– Ноги затекли, – сообщил Зыков и принялся расхаживать у Котова перед носом. Тот раздраженно выплюнул сигарету и тоже встал. Очень медленно подтянул рукав плаща. Долго смотрел на часы. Так же медленно рукав оправил. Подобрал с земли обмякший от старости потрепанный саквояж. Зыков остановился и теперь, переминаясь с ноги на ногу, ждал. Его круглое полнокровное лицо страдальчески кривилось, показывая, как Зыкову тяжко и неуютно.

– Черт с тобой, – сказал Котов. – Пять десять. Будем считать, что нормально. Пошли.

Они начали спускаться с холма в низину, к покосившимся заброшенным баракам. Они странно и угрожающе выглядели, когда шли рядом, – одного роста мужчины в одинаковых промокших заношенных плащах, только Зыков вдвое шире Котова. И в мятой шляпе.

Серая одежда, серые лица. Два человека, таких же серых и тоскливых, как наступающее утро.

Серых и облезлых, как жизнь.

Перед дверью второго барака мужчины остановились. Зыков распахнул плащ и достал помповую гладкостволку, обрезанную по самый магазин. Приклад ружья был тоже спилен, подобие рукоятки обмотано синей изолентой. Зыков дослал патрон, вытащил из кармана еще один и дозарядил обрез.

Котов извлек из саквояжа фонарь.

– Ну… – выдохнул он. – С богом!

– Зря я тоже не покурил, – сообщил вдруг Зыков.

– Уже все, – отрезал Котов. – Уже начали.

– Знаю… – Зыков брезгливо взялся двумя пальцами за ржавую осклизлую ручку двери и осторожно потянул ее на себя. Петли взвыли глухо и зловеще.

– Вот ё! – сказал Зыков.

– Они не слышат, – утешил напарника Котов. Он включил фонарь, и открывшийся за дверью коридор залило лунным светом.

Кривые обшарпанные стены с лохмотьями драных обоев. Распахнутые, а то и вовсе повисшие на одной петле двери. Хлипкие половицы с зияющими щелями.

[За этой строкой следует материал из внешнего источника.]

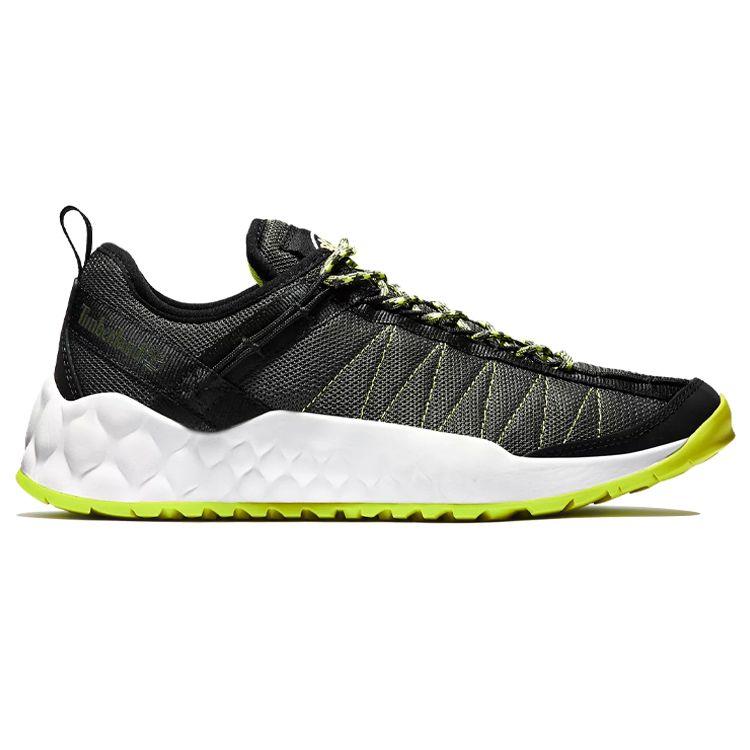 Timberland Solar Wave LT Low Hiking Shoe Black Grey Volt Green Men A2AYSA58
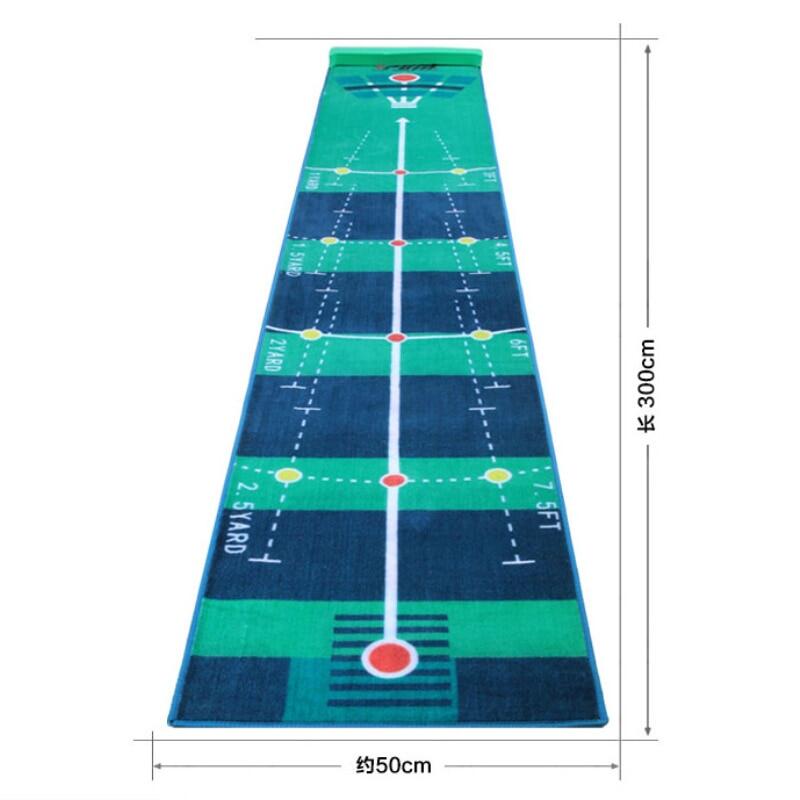 Pgm indoor golf training mat golf clubs golf putting hitting training tools practice carpet 0.5*3m tl018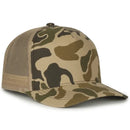 Outdoor Cap GC101 5-Panel Camo Mesh Back Hat – Structured Pro Round Crown Cap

– Ужас, – сказал Котов. – Как чувствовал. То-то мне сюда не хотелось… Зацени, Робокоп, вот в таком примерно говне я родился.

– А я деревенский, – посочувствовал Зыков.

– В деревне, что ли, говна мало… Да оно там всюду.

– Там не говно, там навоз.

– А навоз не говно?

– На говне картошка не уродится, – авторитетно заявил Зыков. – Ну, кому стоим?

– Ну и пошли.

– И пошли.

Котов зевнул.

– Надоело, – сказал он. – Что-то мне все надоело. Давай, когда закончим, нажремся. Чтобы спалось лучше.

– Давай, – согласился Зыков и, выставив перед собой обрез, шагнул вперед. Половицы, ощутив на себе верных сто двадцать кило, заскрипели. Зыков замер и, словно принюхиваясь, задрал короткий облупившийся нос.

– Не слышат, – сказал Котов. – Уже пять двадцать. Все, нормалек, придавило их.

Зыков шагнул снова, половицы скрипнули опять.

– Да иди же, – подбодрил его Котов. – Вон та дверь, которая закрытая. До чего ж они тупые. Не закрылись бы, пришлось бы сейчас во все комнаты лезть…

Оглашая барак тоскливым скрежетом досок, они добрались до закрытой двери, гнилой и хлипкой на вид. Зыков осторожно толкнул ее стволом обреза. Дверь немного подалась и застряла. Зыков вопросительно посмотрел на Котова.

– Какой-то ты сегодня нервный, – сказал Котов и с неожиданной для своей комплекции силой врезал по двери ногой. Та с хрустом отлетела, попутно расслоившись вдоль. Зыков, что-то возмущенно рявкнув, прыгнул в комнату. Котов не спеша зашел следом.

– Я же говорю – придавило их, – усмехнулся он.

– В следующий раз получишь по шее, – пообещал Зыков, не отводя взгляда и ствола от безвольно распластанных тел.

– Ага, – согласился Котов. Он огляделся, нашел торчащий из стены ржавый загнутый гвоздь, повесил на него фонарь и переключил режим лампы. В комнате стало почти светло.